Saturday, May 22, 2010

Wind

Pete and set out on the bikes at 9 am. About 5 miles from home we stopped for gas and Pete asked if I was sure I wanted to go. I told him i thought the weather would clear and that I wanted to go.

25 mikes from home we had to take shelter from the coming rain. We spent the next 2.5 hours in a gas station trying to wait it out. When it finally started clearing we debated about continuing or going home. Pete pointed out that we were already that far, may as well continue.

So we did. 30 minutes later o admitted defeat. The winds are 20-25, but gusting to 40. The last stretch of road left me ehite knuckled. There were a few times I didn't think I would stay upright.

So here I sit, at a Walmart feeling guilty. Pete road my bike home to get the car for me. So he'll have done the 1.25 hot ride 4 times today. He lives me and I am grateful he's so understanding.

Thursday, May 20, 2010

unexplained absence

First the cyst. Then I injured my back. Then complications with the cyst. Then work blocked all blogs.
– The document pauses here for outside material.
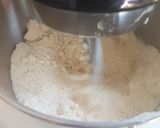 Φωτογραφία βήματος 4 της συνταγής Τούρτα πασχαλινή με φωλιά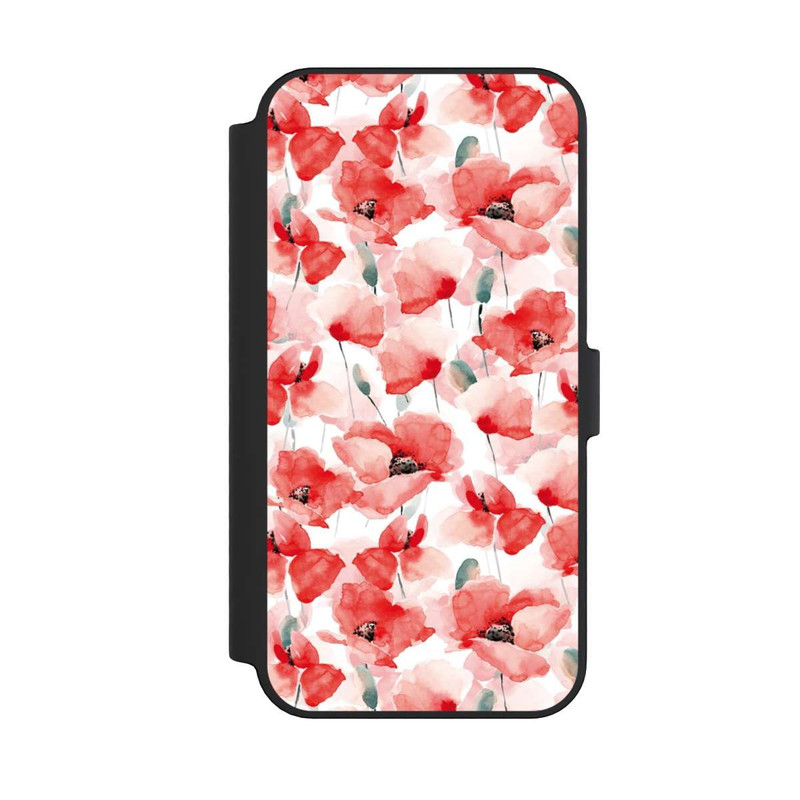 iPhone 14 Pro Max NIVOflip Coquelicot commun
It seemed like the deck was stacked against me.

I haven't worked out because of the medical issues. Only that changes today. I'm back to the gym tonight to start back in working out. I've still been losing weight, which is good. But all I can think about is how much I would have lost if I had still been working out.

Monday, May 03, 2010

Miserable

Short and sweet I'm pretty miserable right now. My cyst has grown so much that it's split open the top couple of layers of skin. There is nothing they can do about it at this point. I just need to limit my movements so the skin isn't any more stretched and keep it covered. It hurts and I'm scared. Splitting skin isn't really a good thing.

To top it off, my back is worse. I thought that I had pulled something or stretched something in the last couple of weeks. It owuld hurt to hurt for longer periods of time. Putting my chin to my chest caused pain down the back of my left butt and thigh. This morning it was more sore than usual and I was trying to get dressed and I twisted or something. It hurts to sit, stand, walk, lay, pretty much everything.

I feel pretty miserable and defeated. I'm scared that all the hard work in the last few months will disappear and I'll gain all the weight back.